Only one span is wanted from the lines below: from the one with "Boxa stanga spate Opel Mokka" up to and including the one with "中國社會科學院大學MBA考試". Copy it exactly, without images.

● **Exercise data**:

# # #

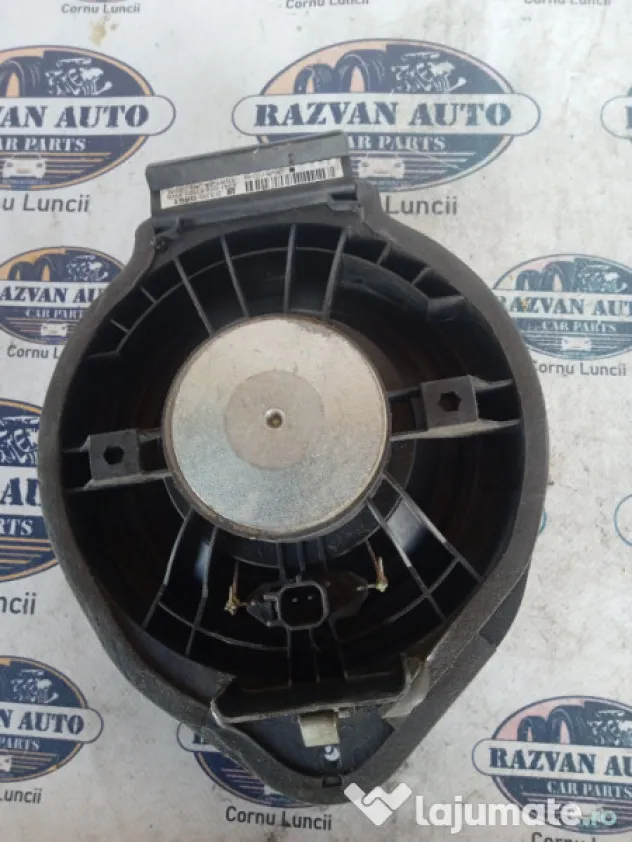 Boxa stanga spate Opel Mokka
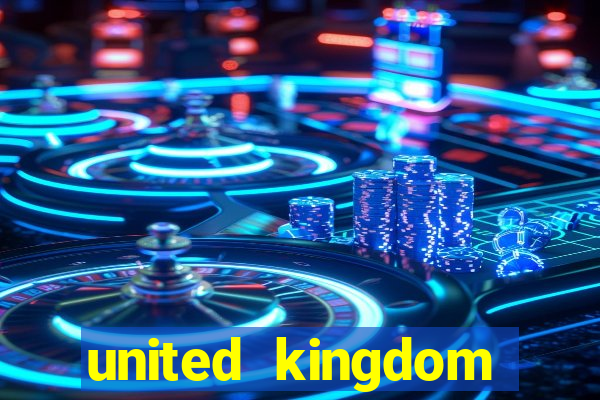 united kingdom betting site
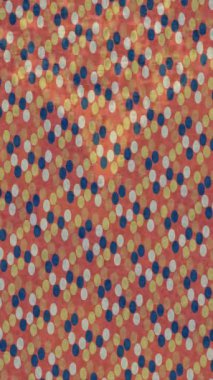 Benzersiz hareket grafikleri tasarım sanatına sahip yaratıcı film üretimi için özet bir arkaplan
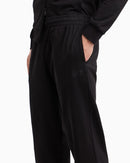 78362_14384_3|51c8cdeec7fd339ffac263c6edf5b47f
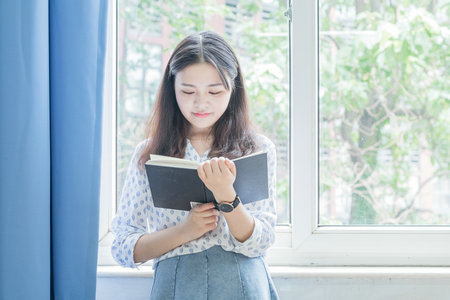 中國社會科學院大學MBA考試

# # #

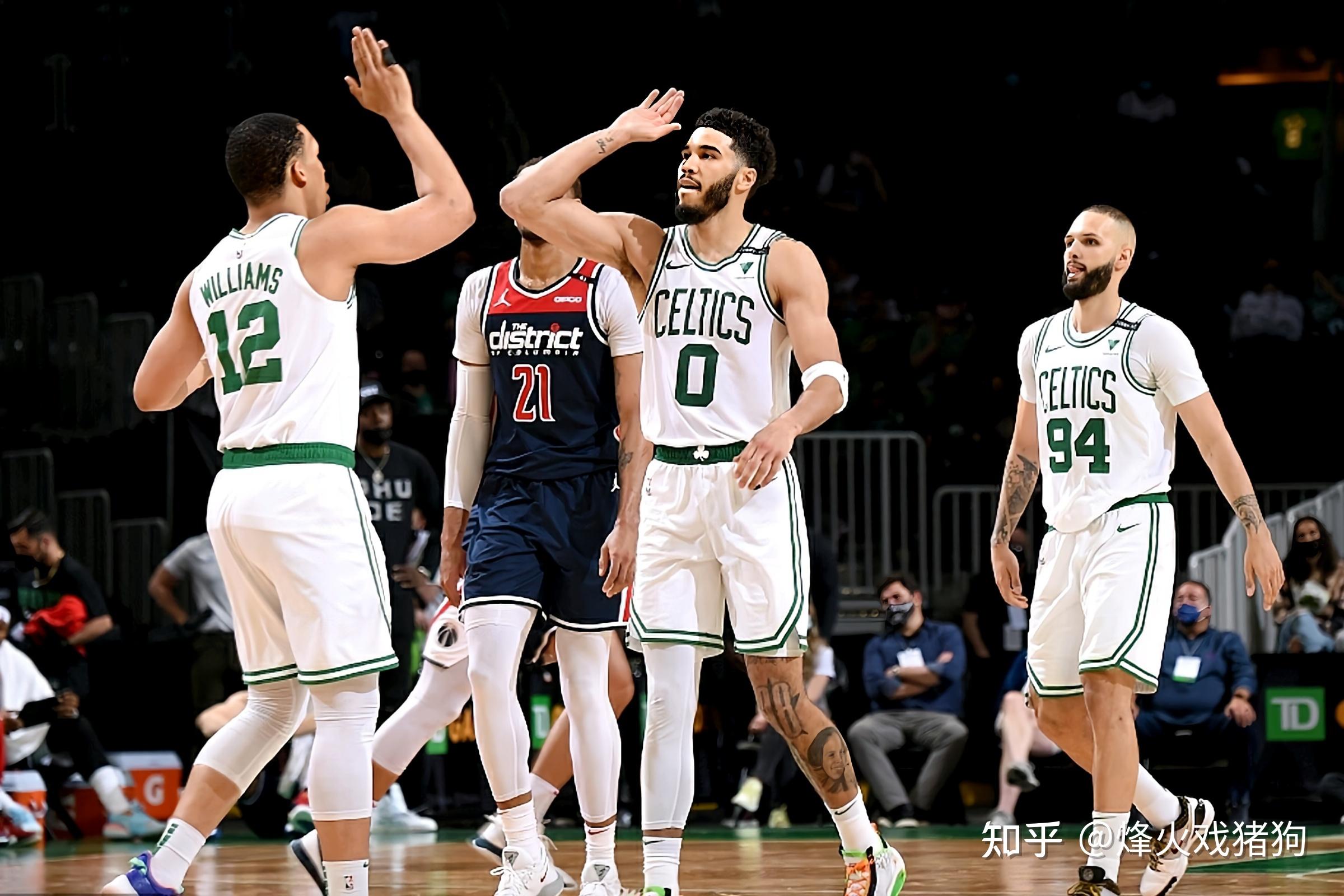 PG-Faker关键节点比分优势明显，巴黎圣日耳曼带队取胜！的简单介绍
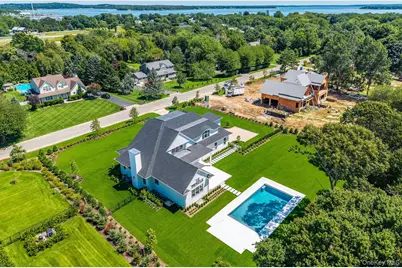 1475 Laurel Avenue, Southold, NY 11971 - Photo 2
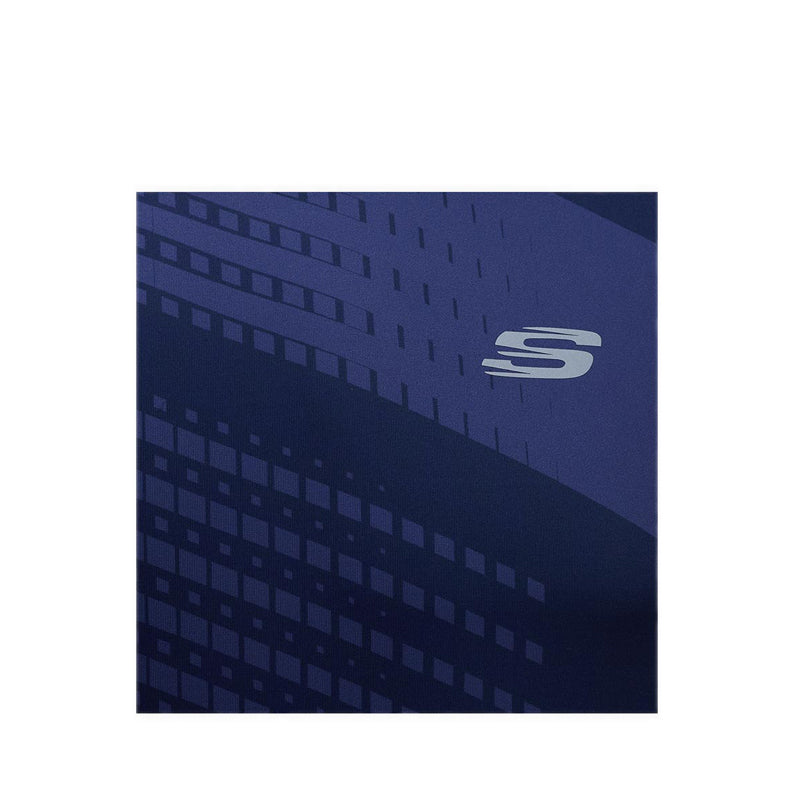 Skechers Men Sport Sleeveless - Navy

# # #

● **Exercise answer**:
 Boxa stanga spate Opel Mokka
 united kingdom betting site
 Benzersiz hareket grafikleri tasarım sanatına sahip yaratıcı film üretimi için özet bir arkaplan
 78362_14384_3|51c8cdeec7fd339ffac263c6edf5b47f
 中國社會科學院大學MBA考試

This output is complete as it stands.